According to current data, Alzheimer’s disease (AD) is the sixth leading cause of mortality in the United States. Mild cognitive impairment (MCI) can occur as people age and may lead to the development of dementia or AD. Studies suggest that patients with MCI have a 10-fold increased risk of developing dementia when compared with those who are cognitively normal. “Considering that we have no effective treatments for AD, it’s critical to identify potentially protective factors for developing MCI and progressing to Alzheimer’s,” says Balwinder Singh, MD, MS.

Previous research has shown that the Mediterranean diet has cardioprotective effects and helps reduce the risk of heart-related comorbidities. “A Mediterranean diet involves a high intake of vegetables, legumes, fruits, cereals, and unsaturated fatty acids, mostly in the form of olive oil,” explains Dr. Singh. “It also entails moderate-to-high intake of fish, low-to-moderate intake of dairy products, and a low intake of meat and saturated fatty acids.” Some studies have reported that adherence to the Mediterranean diet can reduce risks of MCI and AD, but others have reported no such protective effects.

A New Protector?

In the Journal of Alzheimer’s Disease, Dr. Singh and colleagues had a study published in which they conducted a systematic review and meta-analysis of available studies on the association between the Mediterranean diet and risk of MCI and AD. The authors screened 664 studies on the topic, with five meeting their eligibility criteria. Adherence to the Mediterranean diet was defined using the “MeDi score,” a nine-point scale in which a value of zero or one is assigned to the nine components of the Medi­terranean diet. Lower scores mean poorer adherence, while higher scores correlate with better adherence.
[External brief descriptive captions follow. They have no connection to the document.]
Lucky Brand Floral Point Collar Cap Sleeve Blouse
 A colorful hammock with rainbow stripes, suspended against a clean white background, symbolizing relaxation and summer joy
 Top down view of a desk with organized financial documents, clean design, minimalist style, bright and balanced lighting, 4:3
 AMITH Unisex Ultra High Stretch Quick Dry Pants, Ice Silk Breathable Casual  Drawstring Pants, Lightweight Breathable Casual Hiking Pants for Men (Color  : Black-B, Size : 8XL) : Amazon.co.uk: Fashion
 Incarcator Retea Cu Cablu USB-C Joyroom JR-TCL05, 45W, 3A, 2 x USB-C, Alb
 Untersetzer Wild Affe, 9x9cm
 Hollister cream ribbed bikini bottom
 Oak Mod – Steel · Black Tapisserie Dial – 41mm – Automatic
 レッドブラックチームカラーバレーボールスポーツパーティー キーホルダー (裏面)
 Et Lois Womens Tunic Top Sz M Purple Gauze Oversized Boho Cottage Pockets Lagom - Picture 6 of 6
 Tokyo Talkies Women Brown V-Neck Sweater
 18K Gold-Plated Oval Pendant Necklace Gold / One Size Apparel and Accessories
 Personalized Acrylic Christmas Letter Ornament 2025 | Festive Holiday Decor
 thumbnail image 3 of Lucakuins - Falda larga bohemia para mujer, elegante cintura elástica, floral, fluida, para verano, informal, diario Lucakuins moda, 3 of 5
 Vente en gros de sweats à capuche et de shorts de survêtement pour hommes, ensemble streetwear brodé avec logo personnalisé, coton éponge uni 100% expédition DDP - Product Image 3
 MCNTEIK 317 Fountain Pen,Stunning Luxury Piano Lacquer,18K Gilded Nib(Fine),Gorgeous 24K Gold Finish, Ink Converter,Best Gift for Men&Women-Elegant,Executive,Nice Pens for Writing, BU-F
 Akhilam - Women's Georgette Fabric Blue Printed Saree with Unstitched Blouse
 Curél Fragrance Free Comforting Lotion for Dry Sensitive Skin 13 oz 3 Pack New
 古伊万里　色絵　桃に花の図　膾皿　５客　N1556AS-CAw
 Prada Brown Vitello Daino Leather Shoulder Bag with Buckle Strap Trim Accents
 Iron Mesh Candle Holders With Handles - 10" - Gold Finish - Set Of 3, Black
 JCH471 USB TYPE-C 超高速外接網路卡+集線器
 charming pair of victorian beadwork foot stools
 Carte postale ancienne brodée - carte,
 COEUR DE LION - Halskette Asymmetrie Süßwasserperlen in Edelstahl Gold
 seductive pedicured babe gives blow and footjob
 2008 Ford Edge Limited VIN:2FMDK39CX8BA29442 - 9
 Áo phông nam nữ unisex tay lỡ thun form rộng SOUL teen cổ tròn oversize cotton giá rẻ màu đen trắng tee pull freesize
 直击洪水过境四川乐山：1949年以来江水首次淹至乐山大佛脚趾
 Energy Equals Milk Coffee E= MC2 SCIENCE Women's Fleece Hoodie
Patients with higher MeDi scores had a reduced risk of MCI and AD, according to the study. Better adherence also correlated with fewer patients transitioning from MCI to AD. Those from the highest adherence tertile had a 33% lower risk of cognitive impairment when compared with the lowest adherence tertile. For cognitively normal patients, there was also a lower risk of MCI and AD among those who scored higher on the MeDi scale. “Our results suggest that the Mediterranean diet may be neuroprotective for MCI and AD if patients stick to it,” says Dr. Singh.

More to Come

Given the limited number of studies on associations between the Mediterranean diet and MCI and AD, Dr. Singh says the results should be interpreted with caution. “We need more prospective longitudinal studies with longer follow-up and randomized control trials to get a better sense of the impact of this diet on outcomes,” he says. “For now, clinicians should at least discuss the Mediterranean diet as a potentially protective option when caring for older patients.”